WORK INSTRUCTIONS: When you come to a picture, pass over it, and set down the entries below exactly.

GIVEN INFORMATION:
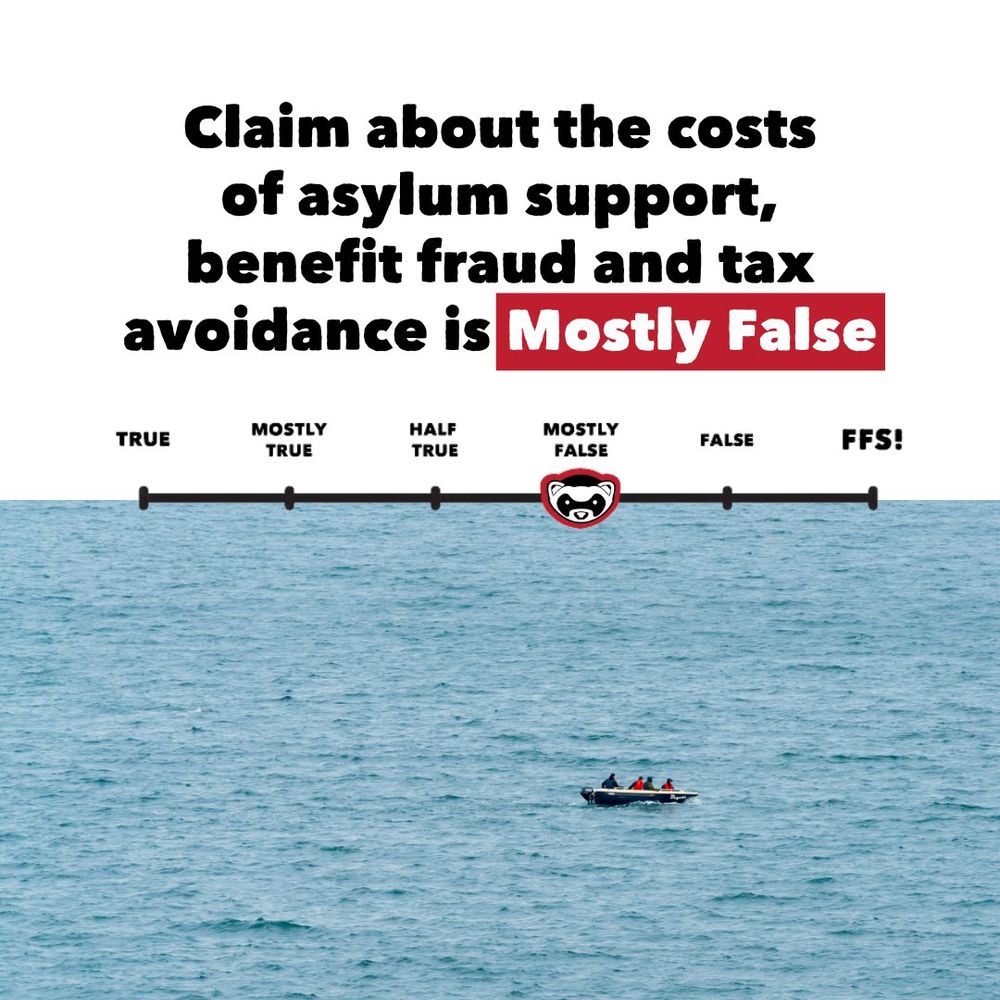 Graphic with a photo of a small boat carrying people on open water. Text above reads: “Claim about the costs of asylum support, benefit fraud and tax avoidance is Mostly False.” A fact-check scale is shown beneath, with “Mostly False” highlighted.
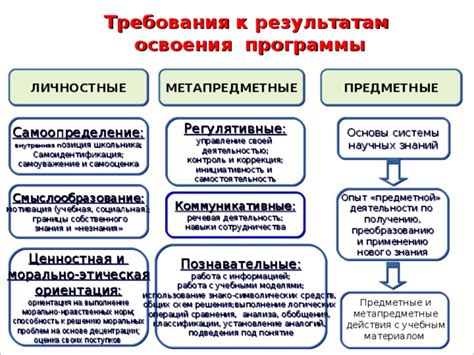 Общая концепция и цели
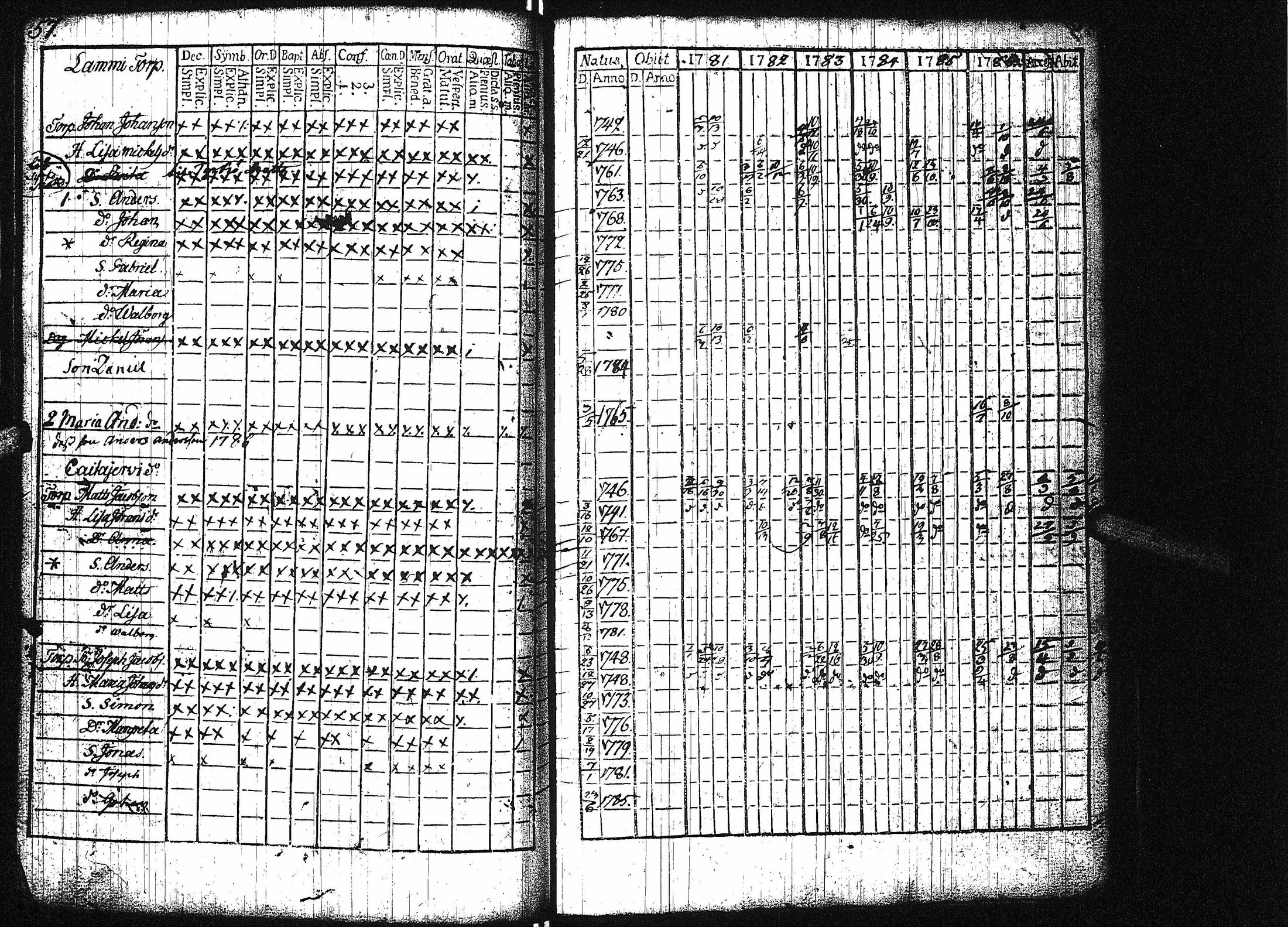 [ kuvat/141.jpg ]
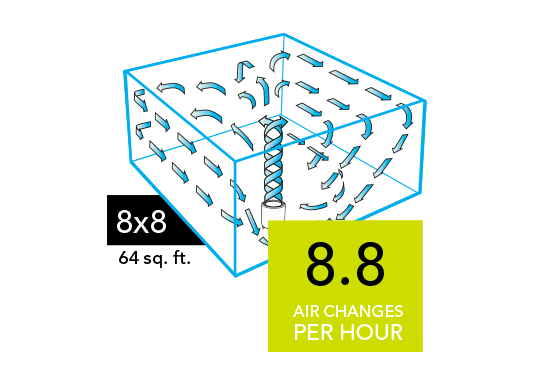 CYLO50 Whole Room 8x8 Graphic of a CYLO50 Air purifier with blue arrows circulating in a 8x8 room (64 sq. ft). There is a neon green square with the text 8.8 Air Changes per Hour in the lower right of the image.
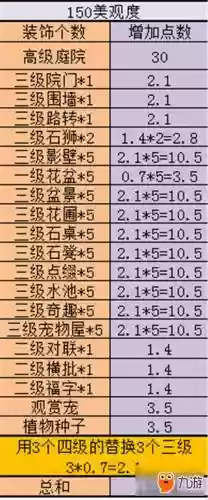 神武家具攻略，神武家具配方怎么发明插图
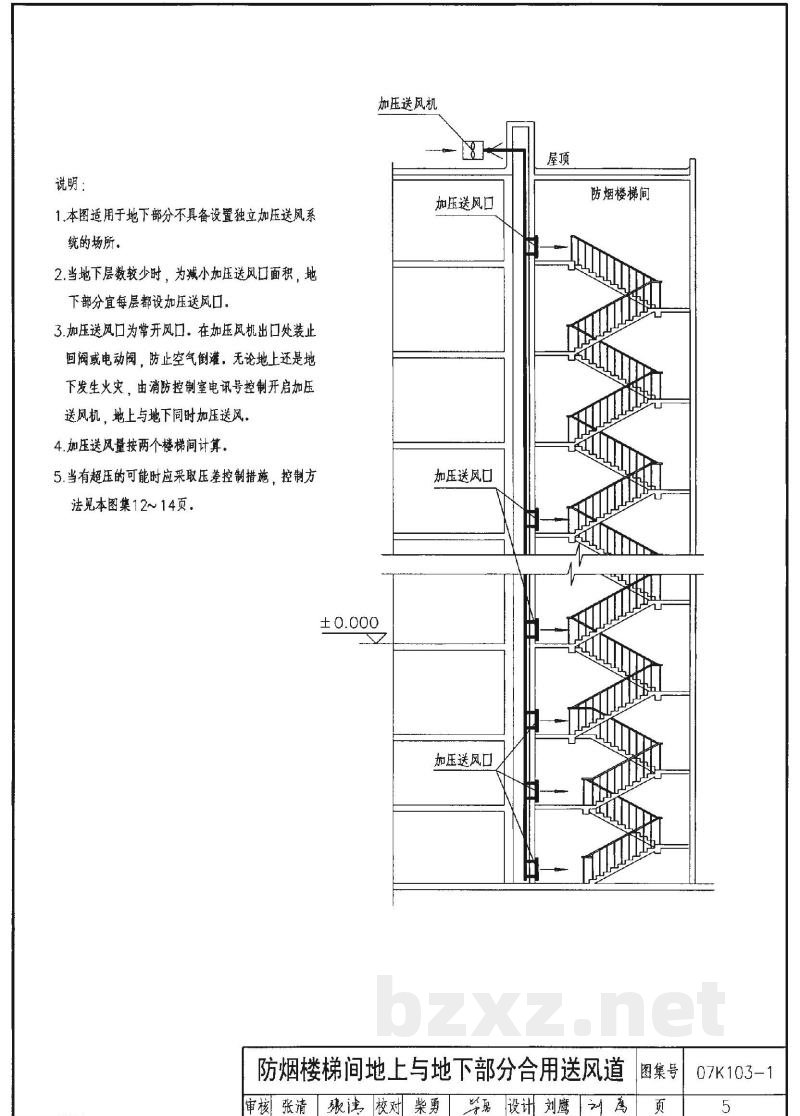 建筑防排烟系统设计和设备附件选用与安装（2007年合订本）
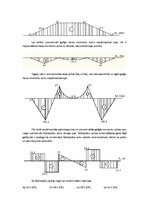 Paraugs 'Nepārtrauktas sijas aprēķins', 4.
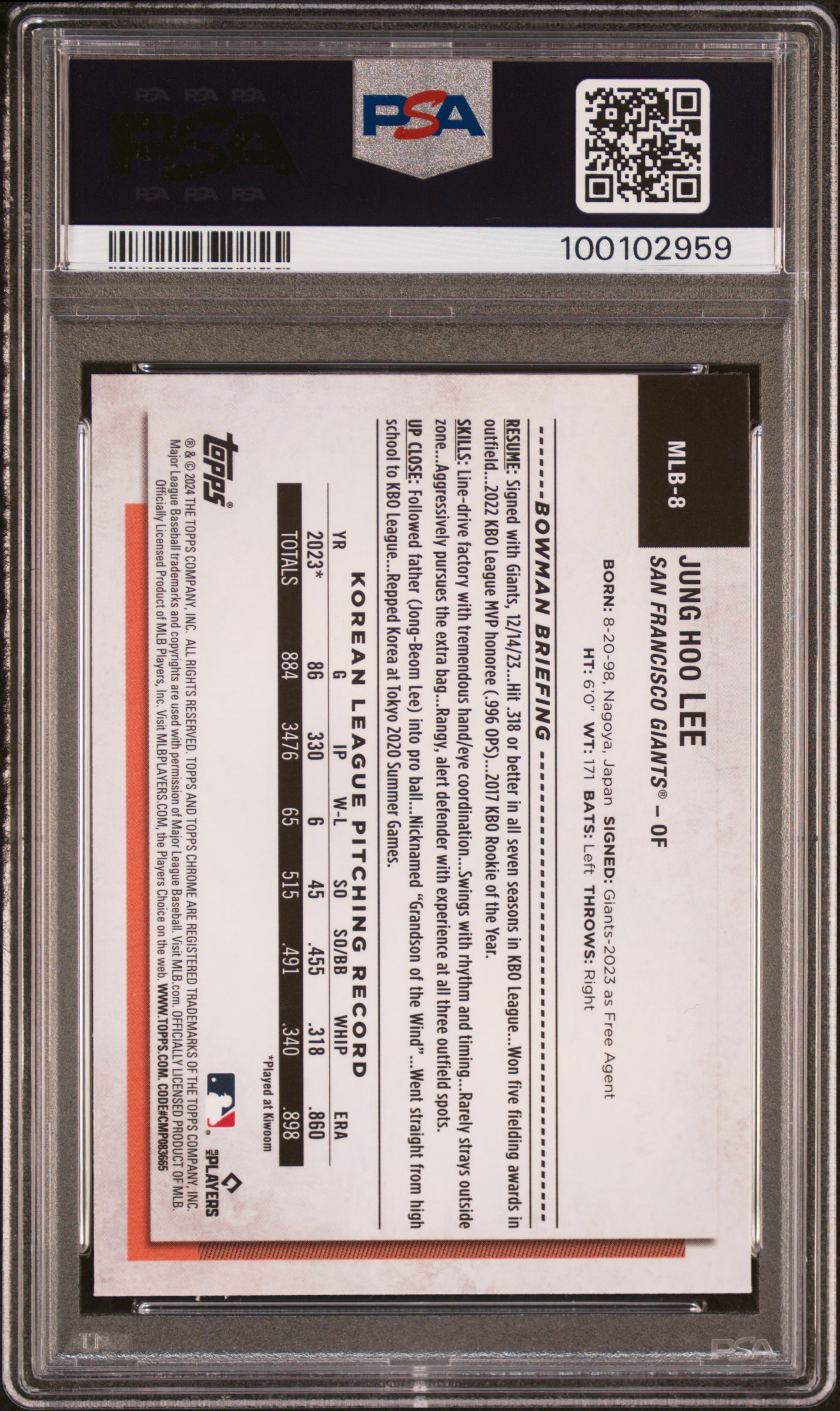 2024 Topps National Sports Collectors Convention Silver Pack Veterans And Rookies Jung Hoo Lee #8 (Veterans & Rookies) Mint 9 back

THE COMPLETED TASK:
 Graphic with a photo of a small boat carrying people on open water. Text above reads: “Claim about the costs of asylum support, benefit fraud and tax avoidance is Mostly False.” A fact-check scale is shown beneath, with “Mostly False” highlighted.
 Общая концепция и цели
 [ kuvat/141.jpg ]
 CYLO50 Whole Room 8x8 Graphic of a CYLO50 Air purifier with blue arrows circulating in a 8x8 room (64 sq. ft). There is a neon green square with the text 8.8 Air Changes per Hour in the lower right of the image.
 神武家具攻略，神武家具配方怎么发明插图
 建筑防排烟系统设计和设备附件选用与安装（2007年合订本）
 Paraugs 'Nepārtrauktas sijas aprēķins', 4.
 2024 Topps National Sports Collectors Convention Silver Pack Veterans And Rookies Jung Hoo Lee #8 (Veterans & Rookies) Mint 9 back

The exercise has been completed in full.